An article by reporter Gretchen Morgenson published in the New York Times recently detailed whistleblowing at the Teachers Insurance and Annuity Association (TIAA). The retirement plan company is under fire for exerting pressure on employees and advisors to direct investors into higher fee generating accounts.
TIAA, a once non-profit, switched their business model a few years ago. After seeing assets leave to other advisors, TIAA decided to fight fire with fire: they started providing wealth management services for a fee.
Given the profit motive that may be influencing the recommendations they receive, TIAA’s participants should be made aware of incentives that might influence why a TIAA advisor might be calling or recommending a managed account. A managed account may very well be a suitable solution for many, but participants should be made aware that the company is offering these services at a higher cost and determine whether such services align well with their investment goals. The investor needs to understand what he or she is paying for and why. If not, then buyer beware.

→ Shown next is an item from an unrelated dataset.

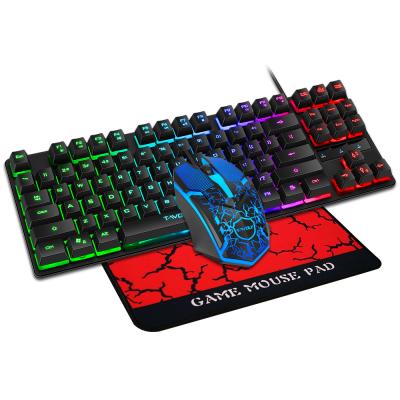 China TF260 Waterproof Mechanical Gaming Feeling Keyboard and Mouse Gaming Keyboard RGB Rainbow Backlit Gaming Keyboard Mouse Combo for sale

The whistleblowing that is driving these headlines serves to remind all investors of the need for full disclosure and unbiased financial advice. Because we are committed to putting our clients first, we at Fort Pitt always disclose the fees and costs associated with our services.
The NY Times article illustrates the need for investors to be attentive to fees, incentives, business models, and the philosophies of the companies with whom they choose to work — especially when it could affect their money over the long-term.